Le différend opposant les parties M. KOUNDO VLAVO à la société PUMA ENERGY DISTRIBUTION BENIN SAU (« PED »), relativement à la cession des actifs de la société BENIN PETROLEUM SERVICES (  « BPS »), avait même fini par l’intervention de l’Etat du Benin dans la cause.

En effet, il ressort de l’examen du dossier par la Cour de céans, qui avait évoqué la cause que monsieur KOUNDO VLAVO était actionnaire à concurrence de 22% du capital de la société BENIN PETROLEUM SERVICES. Cependant, les actifs de ladite société étaient cédés à son insu à la société PUMA ENERGY DISTRIBUTION BENIN SAU par ses actionnaires courant mai 2014.

Energiquement, il contesta cette cession qui n’avait été autorisée et régularisée qu’en septembre 2014, par une assemblée extraordinaire des actionnaires, en saisissait le Tribunal de première instance de Cotonou d’une demande d’annulation de ladite transaction et de condamnation de la société PED à lui payer la somme de 20 000 000 000 de FCFA à titre de dommage-intérêts.
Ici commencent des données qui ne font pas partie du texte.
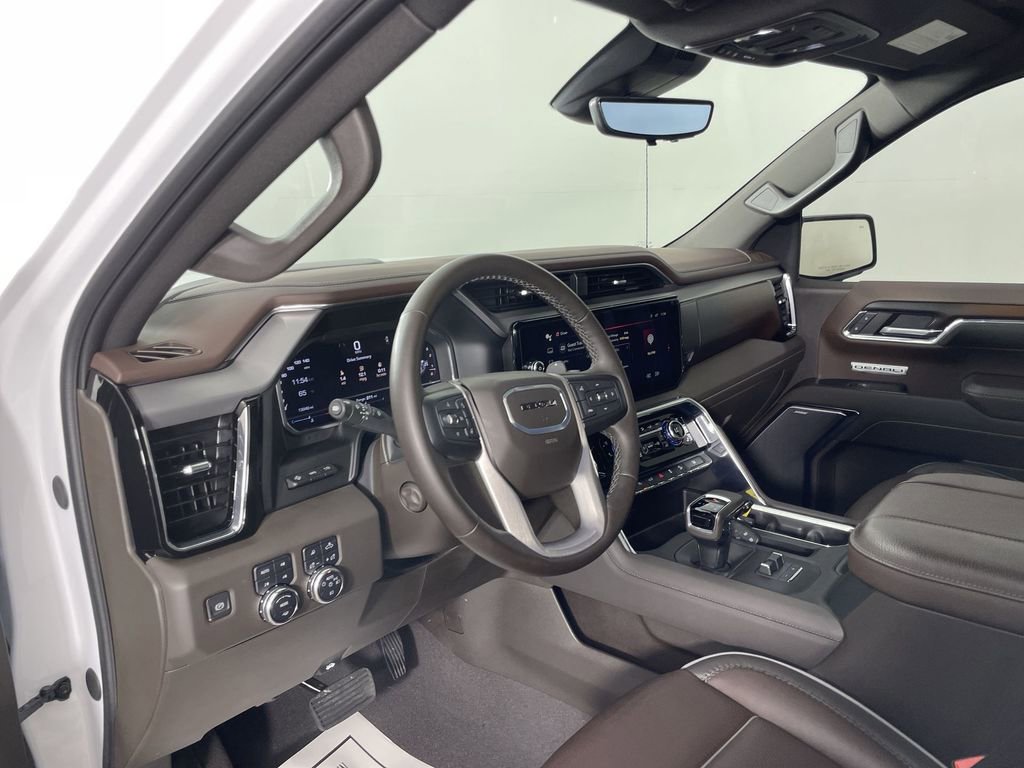 Used 2024 GMC Sierra 1500 Denali w/ Technology Package image 10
La juridiction de première instance le débouta. Aussi, interjeta-t-il appel devant la Cour d’appel de Cotonou qui rendit sa décision en affirmant clairement que la société  PED avait posé, dans l’opération de cession d’actifs, des actes en fraude des droits de monsieur KOUNDO VLAVO en violation de la résolution n°06 de l’assemblée générale ordinaire du 20 juin 2014 et des dispositions de l’article 130 de l’Acte uniforme de l’OHADA relatif au droit des sociétés commerciales et GIE. Après avoir annulé ladite cession, La Cour d’appel condamna la société PED à payer à monsieur KOUNDO VLAVO, en réparation de tous les préjudices subis, la somme de dix milliards (10.000.000.000) de francs CFA.

La société PED saisi ALORS la même cour d’une demande de révision de l’arrêt au motif qu’il est essentiellement fondé sur la cession d’actifs en date du 23 mai 2014, alors que cette pièce n’avait pas été produite de façon contradictoire au dossier par monsieur KOUNDO VLAVO et qu’elle ne lui été révélée que par ledit arrêt attaqué. L’arrêt  avait été rendu en fraude, estimait-elle.

De son côté, l’Etat Béninois, comme partie intervenante volontaire, dans ses conclusions sollicita la même demande de révision pour « maintenir l’ordre public ».

Répliquant à ces moyens, M. KOUNDO VLAVO soulevait l’irrecevabilité du recours en révision au motif qu’il ne réunit pas les conditions de la loi en l’occurrence l’article 670 du Code de procédure civile, commerciale, sociale, administrative et des comptes du Bénin.

La Cour de céans, observa que la société PED persistait en déclarant que l’arrêt attaqué est fondé de façon déterminante sur une cession d’actifs datée du 23 mai 2014, non communiquée ni versée au débat par M. KOUNDO VLAVO, et qu’elle n’en a pris connaissance qu’en parcourant l’arrêt attaqué, son adversaire ayant usé de manœuvres frauduleuses.

Mais la CCJA estimera qu’il était manifeste de constater l’absence d’une circonstance nouvelle de nature à justifier la rétractation (révision) de l’arrêt mis en cause et déclara sans objet la demande d’intervention de l’Etat du Bénin.